THE PROBLEM: Skipping all pictures, please restate word for word the lines from the one that contains "m.Brechvorrichtung HUFA Fliesenschneidmaschine" through the last line of the entries.
[Opening SOURCE RECORDS section]
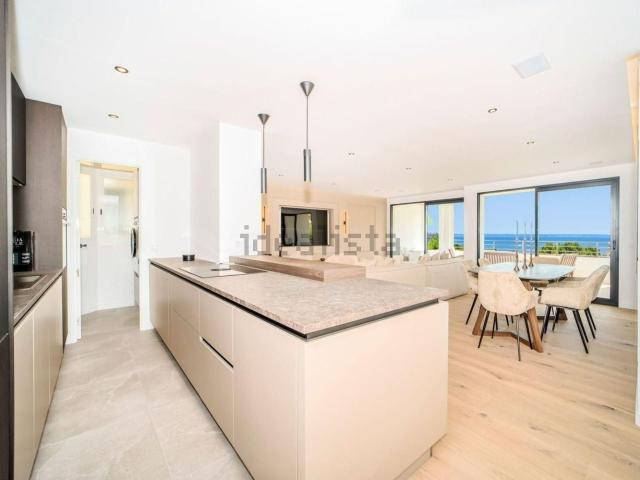 Ático en venta en Calvià, Serra de Tramuntana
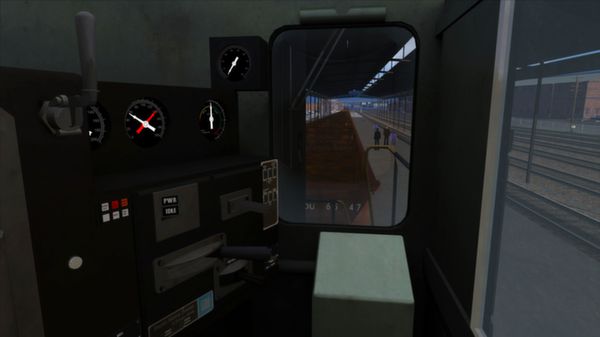 KHAiHOM.com - Train Simulator: Norfolk Southern SD45 High Hoods Loco Add-On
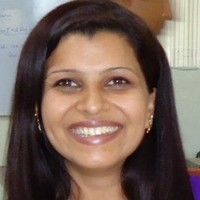 Savita Joshi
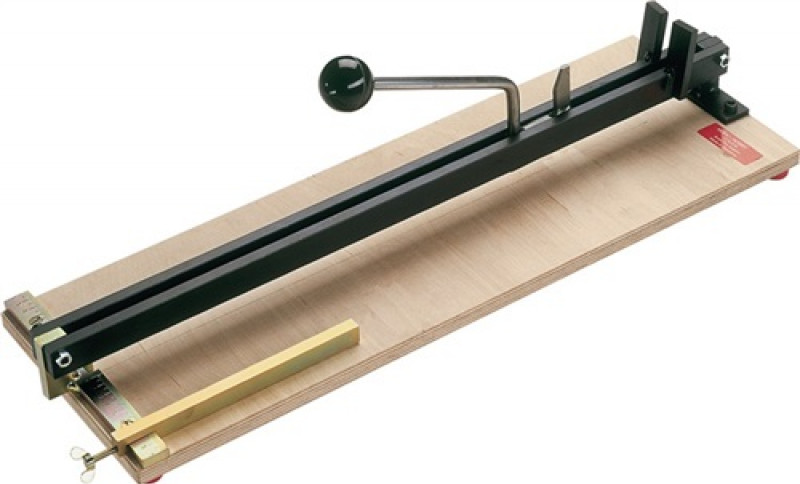 Fliesenschneidmaschine HUFA Hobby L495xD15mm m.Brechvorrichtung HUFA Fliesenschneidmaschine HUFA Hobby L495xD15mm m.Brechvorrichtung HUFA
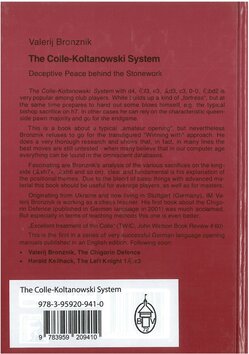 Backcover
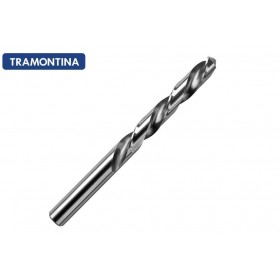 BROCA AÇO RAPIDO 1.5MM - TRAMONTINA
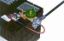 WIRTHCO KNOB BATT SWITCHW/BYPASS - 20309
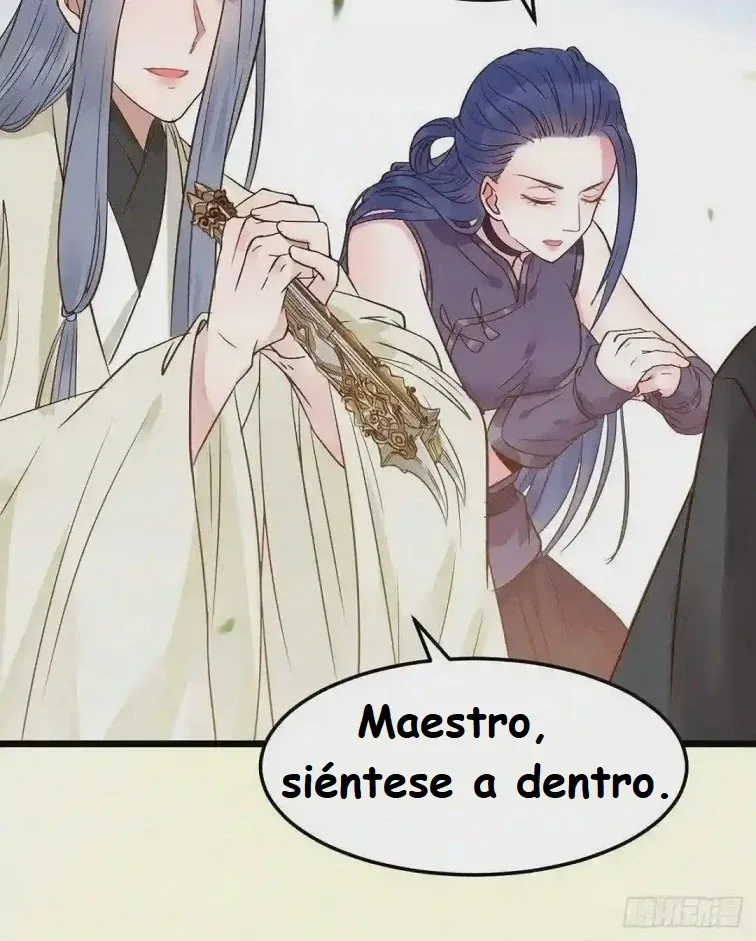 Ghostly Doctor Capítulo 451 en Línea - página 47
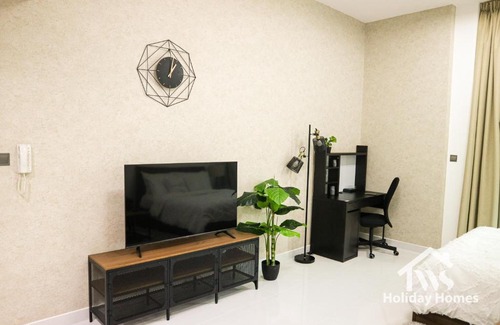 Dubai Apartment | The Urban Oasis - Bliss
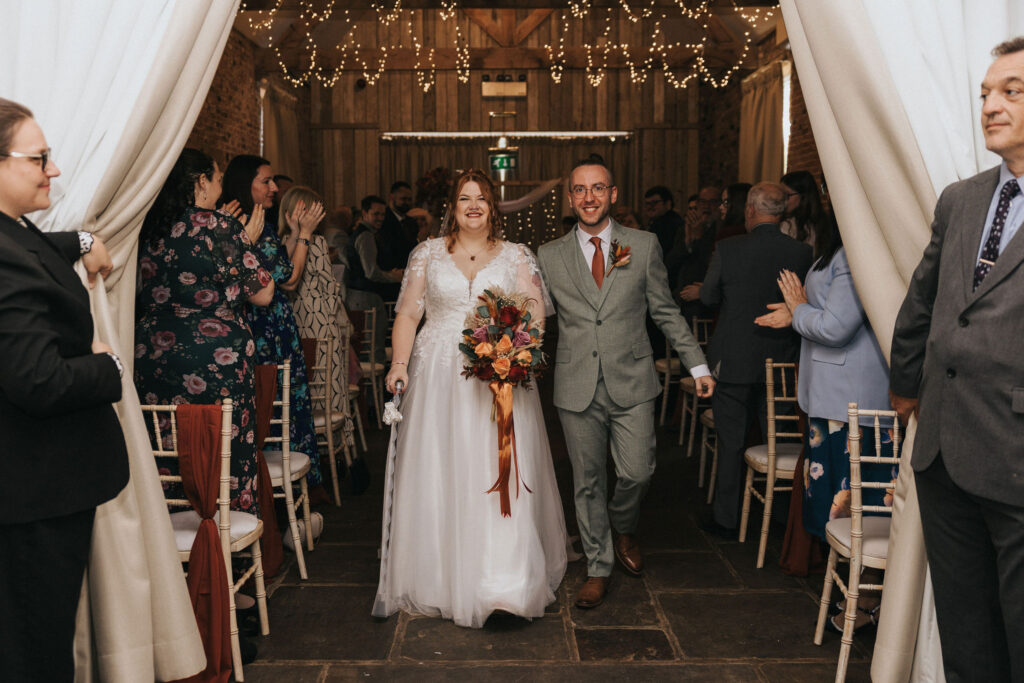 Stevie and Ben Healing Manor Wedding Aimee Lince Photography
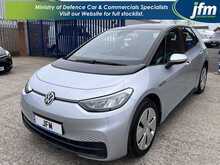 Volkswagen ID.3 Pro 58kWh Life Auto Electric 5-Door Hatchback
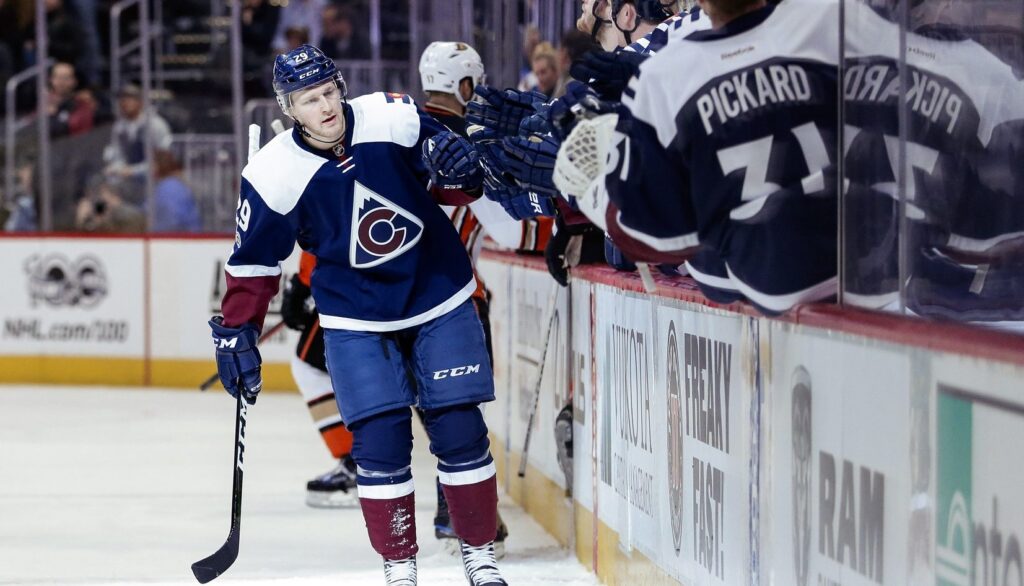MacKinnon: “We just shot ourselves in the foot”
[Closing SOURCE RECORDS section]
PROBLEM SOLUTION:
 Fliesenschneidmaschine HUFA Hobby L495xD15mm m.Brechvorrichtung HUFA Fliesenschneidmaschine HUFA Hobby L495xD15mm m.Brechvorrichtung HUFA
 Backcover
 BROCA AÇO RAPIDO 1.5MM - TRAMONTINA
 WIRTHCO KNOB BATT SWITCHW/BYPASS - 20309
 Ghostly Doctor Capítulo 451 en Línea - página 47
 Dubai Apartment | The Urban Oasis - Bliss
 Stevie and Ben Healing Manor Wedding Aimee Lince Photography
 Volkswagen ID.3 Pro 58kWh Life Auto Electric 5-Door Hatchback
MacKinnon: “We just shot ourselves in the foot”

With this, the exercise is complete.